|Secretariat||The International Federation of Clinical Neurophysiology (IFCN)|
|Co-Chairs||Jon Halford, Medical University of South Carolina (MUSC)|
Shiv Sabesan, Philips Neuro
|Last strategy update||2019-01-01|
The purpose and scope of WG-32 is to extend DICOM to be usable as a common standard format for clinical neurophysiology data exchange. This would include time-based neurophysiology signal data (and associated video recordings, if present) from electroencephalography (EEG), video-electroencephalography (VEEG), electromyography (EMG), evoked potentials (EP), polysomnograms (PSGs), electrocardiograms (ECGs), and other types of neurophysiology signals. The main reasons are to provide a single format in order to promote ease of data exchange, to create a format which is more advanced than the currently available non-DICOM) formats, to provide features which are needed in the 21st century, and to integrate with enterprise infrastructure and security requirements.
- To extend and promote the use of DICOM for the creation, storage and management of neurophysiology data in a healthcare setting
Within this mandate the WG has identified the following specific scope of activities:
- Identify and maintain a roadmap of use cases and compatibility concerns that should be addressed
- Develop or consult on relevant change proposals (CPs) and Supplements
- Serve as a liaison body between the multiple involved stakeholders, including
- clinical end-users of neurophysiology equipment and software
- vendors offering neurophysiology equipment and software for healthcare applications
- vendors of medical image and video acquisition, processing, and management systems
- standards and professional organizations addressing neurophysiology in general (e.g. IEEE)
- Facilitate including data relevant to the neurophysiology community in DICOM objects
- Provide best practice guidance and reference implementations to promote the use of DICOM in neurophysiology applications
- in particular, ensure that neurophysiology vendors find it easy to adopt the standard (and encourage such vendors to participate in MITA)
As a new WG, our roadmap will be based upon the analysis of the neurophysiology data and workflow needs through a standard framework. The results of this analysis will then be used to specify information objects and services needed to best serve patients and the neurophysiology community.
As much as possible and compatible with DICOM guiding principles, new specifications will be proposed in a manner to (a) leverage the existing and growing ecosystem of DICOM-capable systems in use in healthcare institutions and (b) leverage standards already in use in the neurophysiology industry.
The ultimate goal is a comprehensive, standards-based digital platform for neurophysiology in the patient care setting.
- Establish productive working relationships with other DICOM Work Groups currently responsible for related DICOM features: WG 13 Visible Light, WG 4 Compression, and others as identified
- Propose a new IOD, with references to existing IODs, to address the two already identified highest priority needs of the neurophysiology community
- storing neurophysiology in the Picture Archiving and Communication Systems (PACS) and Vendor Neutral Archive (VNA) systems in a manner that allows direct association with the relevant patient (and any related objects such as video, ECG and pulse waveforms with which the data is synchronized)

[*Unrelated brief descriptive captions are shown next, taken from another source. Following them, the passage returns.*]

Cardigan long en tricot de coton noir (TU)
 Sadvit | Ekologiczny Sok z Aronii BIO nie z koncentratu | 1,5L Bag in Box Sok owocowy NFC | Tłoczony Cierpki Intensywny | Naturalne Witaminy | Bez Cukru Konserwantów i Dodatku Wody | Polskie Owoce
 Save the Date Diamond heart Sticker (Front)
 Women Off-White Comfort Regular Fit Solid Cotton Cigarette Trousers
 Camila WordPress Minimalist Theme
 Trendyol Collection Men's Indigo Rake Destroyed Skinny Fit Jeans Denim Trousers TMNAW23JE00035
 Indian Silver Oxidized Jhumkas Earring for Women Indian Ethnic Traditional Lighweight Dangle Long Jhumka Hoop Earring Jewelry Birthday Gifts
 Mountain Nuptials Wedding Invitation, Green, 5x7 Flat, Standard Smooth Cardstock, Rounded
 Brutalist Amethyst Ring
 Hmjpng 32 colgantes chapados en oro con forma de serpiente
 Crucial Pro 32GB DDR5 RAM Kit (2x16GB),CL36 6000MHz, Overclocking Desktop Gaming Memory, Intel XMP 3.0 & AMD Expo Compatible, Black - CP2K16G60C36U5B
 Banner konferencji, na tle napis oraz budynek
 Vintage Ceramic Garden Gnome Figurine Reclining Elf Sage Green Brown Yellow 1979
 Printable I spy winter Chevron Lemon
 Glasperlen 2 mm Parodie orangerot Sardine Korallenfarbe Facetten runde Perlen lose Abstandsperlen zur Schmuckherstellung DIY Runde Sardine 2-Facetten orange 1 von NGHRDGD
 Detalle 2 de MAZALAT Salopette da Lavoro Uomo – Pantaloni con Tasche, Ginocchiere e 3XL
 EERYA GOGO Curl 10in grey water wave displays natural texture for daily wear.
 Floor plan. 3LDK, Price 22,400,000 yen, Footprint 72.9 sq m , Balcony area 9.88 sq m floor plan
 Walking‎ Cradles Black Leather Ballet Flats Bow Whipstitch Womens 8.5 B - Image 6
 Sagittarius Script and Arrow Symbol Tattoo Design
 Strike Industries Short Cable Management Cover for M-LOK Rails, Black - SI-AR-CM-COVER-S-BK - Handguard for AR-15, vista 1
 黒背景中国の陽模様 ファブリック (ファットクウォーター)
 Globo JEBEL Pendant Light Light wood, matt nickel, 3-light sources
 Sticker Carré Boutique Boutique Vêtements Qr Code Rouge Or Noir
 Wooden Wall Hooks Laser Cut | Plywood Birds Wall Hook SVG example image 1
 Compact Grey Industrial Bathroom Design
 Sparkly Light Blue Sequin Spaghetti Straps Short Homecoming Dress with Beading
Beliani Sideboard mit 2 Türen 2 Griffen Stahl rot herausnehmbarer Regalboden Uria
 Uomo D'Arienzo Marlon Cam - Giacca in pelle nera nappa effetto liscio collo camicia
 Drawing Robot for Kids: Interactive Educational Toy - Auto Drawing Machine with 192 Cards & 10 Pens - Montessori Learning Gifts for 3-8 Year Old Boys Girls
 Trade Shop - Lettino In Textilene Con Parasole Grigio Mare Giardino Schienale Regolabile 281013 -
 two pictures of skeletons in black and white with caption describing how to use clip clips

- Perform further gap analysis of the existing DICOM standard with respect to potential neurophysiology requirements (e.g. time-based waveform compression)
- Establish priorities for filling gaps identified
- WG-32 was approved by the DICOM Standards Committee in late 2018 and held its first formal kickoff meeting in December 2018 at the conclusion of the American Epilepsy Society (AES) Annual Meeting.
Current Work Items
- New IOD for neurophysiology waveforms
- Adoption by creators
- existing vendors may be reluctant to adopt the new format; mitigation – provide open source reference converters
- Adoption by recipients
- existing non-neurophysiology (PACS, archive, media) vendors may be reluctant to support new SOP Classes; mitigation – the trend towards SOP Class agnostic “vendor neutral archives” (VNAs) minimizes this risk
- existing neurophysiology (storage, viewer) may be reluctant to ingest the new format; mitigation – short term: provide open source reference converters, long term: provide open source viewers to demonstrate value
- Might not be able to recruit enough neurophysiology user or vendor stakeholders.
- current level of enthusiasm for a standards-based approach in both end-user and vendor community appears high, judging by the participation in the IFCN taskforce.
Challenges and Opportunities
- The current level of enthusiasm for a standards-based approach in both end-user and vendor community appears high.
- There are competing non-DICOM data format proposals that would require a completely novel infrastructure and not address the silo problem. It is important to assure that the best features of such proposals are assimilated into DICOM to avoid fragmentation of competing new proposals and not sacrifice the effort and knowledge that has been invested.